Pakistan gives U.N. a dossier on India after India submits one on Pakistan


FILE PHOTO: Pakistani Rangers (wearing black uniforms) and Indian Border Security Force (BSF) officers lower their national flags during parade on the Pakistan's 72nd Independence Day, at the Pakistan-India joint check-post at Wagah border, near Lahore, Pakistan August 14, 2019. REUTERS/Mohsin Raza

NEW YORK (Reuters) - Pakistan gave U.N. Secretary-General Antonio Guterres a dossier on Tuesday accusing India of stoking terrorism in Pakistan, a day after India provided a dossier to some U.N. Security Council members accusing militants from Pakistan of attempting an attack in the disputed Indian territory Kashmir.

The tit-for-tat moves come ahead of India joining the 15-member council for a two-year term starting Jan. 1, 2021.

Pakistan's U.N. Ambassador Munir Akram accused India of violating international law, the U.N. Charter and Security Council resolutions by sponsoring terrorism.

He said Pakistan called on Guterres and the international community "to take note of Indian terrorism and subversion against Pakistan and to prevail on India to desist from these illegal and aggressive activities."

A spokesperson for India's mission to the United Nations in New York denied the charges.

"Pakistan can cry hoarse from the rooftops. But they cannot change the fact that they are the epicenter of terrorism," the spokesperson said. "Their lies have no takers."

The Himalayan region of Jammu and Kashmir has long been a flashpoint between nuclear-armed neighbors India and Pakistan, with both claiming Kashmir in full but ruling it in part. U.N. peacekeepers have been deployed since 1949 to observe a ceasefire between India and Pakistan in Jammu and Kashmir.

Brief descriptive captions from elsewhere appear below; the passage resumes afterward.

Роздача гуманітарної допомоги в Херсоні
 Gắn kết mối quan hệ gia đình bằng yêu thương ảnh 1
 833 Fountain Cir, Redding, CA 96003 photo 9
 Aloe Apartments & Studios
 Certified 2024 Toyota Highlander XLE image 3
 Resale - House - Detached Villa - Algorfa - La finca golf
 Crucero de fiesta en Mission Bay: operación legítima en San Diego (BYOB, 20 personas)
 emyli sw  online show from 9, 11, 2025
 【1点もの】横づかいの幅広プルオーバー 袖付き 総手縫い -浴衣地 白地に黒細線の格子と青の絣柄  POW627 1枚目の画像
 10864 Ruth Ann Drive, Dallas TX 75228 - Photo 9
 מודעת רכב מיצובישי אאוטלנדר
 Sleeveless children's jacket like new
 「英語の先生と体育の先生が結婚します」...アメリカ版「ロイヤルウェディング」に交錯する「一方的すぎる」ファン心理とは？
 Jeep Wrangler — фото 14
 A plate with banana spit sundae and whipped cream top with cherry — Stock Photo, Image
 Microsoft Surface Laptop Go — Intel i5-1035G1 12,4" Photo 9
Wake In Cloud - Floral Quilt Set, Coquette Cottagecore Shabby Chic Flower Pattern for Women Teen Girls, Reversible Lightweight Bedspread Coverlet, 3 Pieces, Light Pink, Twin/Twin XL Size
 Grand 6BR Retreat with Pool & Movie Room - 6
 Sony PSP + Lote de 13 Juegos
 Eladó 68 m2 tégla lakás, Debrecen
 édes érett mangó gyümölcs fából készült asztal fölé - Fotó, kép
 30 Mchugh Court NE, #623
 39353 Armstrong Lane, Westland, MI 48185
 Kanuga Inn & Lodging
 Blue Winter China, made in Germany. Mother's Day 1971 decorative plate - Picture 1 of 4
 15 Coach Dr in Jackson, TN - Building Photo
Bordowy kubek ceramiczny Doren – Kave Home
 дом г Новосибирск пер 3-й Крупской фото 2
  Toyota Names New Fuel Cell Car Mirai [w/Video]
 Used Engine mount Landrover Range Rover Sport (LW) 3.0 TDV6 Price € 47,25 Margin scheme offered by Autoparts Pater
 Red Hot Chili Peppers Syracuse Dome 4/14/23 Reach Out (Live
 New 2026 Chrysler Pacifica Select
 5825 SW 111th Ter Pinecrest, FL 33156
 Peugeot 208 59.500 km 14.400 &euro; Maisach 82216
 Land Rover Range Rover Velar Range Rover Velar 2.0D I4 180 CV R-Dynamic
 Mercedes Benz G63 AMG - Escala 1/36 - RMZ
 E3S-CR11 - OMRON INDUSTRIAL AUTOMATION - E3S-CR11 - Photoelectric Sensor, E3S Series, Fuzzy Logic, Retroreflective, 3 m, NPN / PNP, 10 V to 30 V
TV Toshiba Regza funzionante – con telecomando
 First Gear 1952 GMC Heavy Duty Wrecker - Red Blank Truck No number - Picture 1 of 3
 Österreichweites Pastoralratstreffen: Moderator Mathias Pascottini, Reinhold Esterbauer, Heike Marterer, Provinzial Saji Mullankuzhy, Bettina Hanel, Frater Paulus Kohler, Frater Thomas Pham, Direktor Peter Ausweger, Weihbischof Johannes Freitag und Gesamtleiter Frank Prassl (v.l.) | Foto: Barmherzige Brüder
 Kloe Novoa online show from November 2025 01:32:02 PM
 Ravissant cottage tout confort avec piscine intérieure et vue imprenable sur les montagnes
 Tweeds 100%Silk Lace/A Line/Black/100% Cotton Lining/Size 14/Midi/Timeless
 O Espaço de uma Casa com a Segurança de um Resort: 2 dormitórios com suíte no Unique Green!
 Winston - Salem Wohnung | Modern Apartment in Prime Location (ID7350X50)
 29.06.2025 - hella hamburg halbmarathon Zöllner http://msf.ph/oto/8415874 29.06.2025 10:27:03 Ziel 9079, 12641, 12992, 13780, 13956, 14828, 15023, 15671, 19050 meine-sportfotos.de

India said on Monday that four militants, belonging to the Pakistan-based Jaish-e-Mohammad, made their way into Indian Kashmir through a tunnel last week and opened fire when their truck was stopped for a routine inspection. [L4N2I92VF]

Pakistan has rejected allegations of any involvement in the alleged attack and said they were aimed at diverting attention from India's repression of the people of Kashmir.

The U.N. Security Council blacklisted the head of the Pakistan-based militant group Jaish-e-Mohammed in May last year after China dropped its objection to the move, ending a decade-long diplomatic impasse.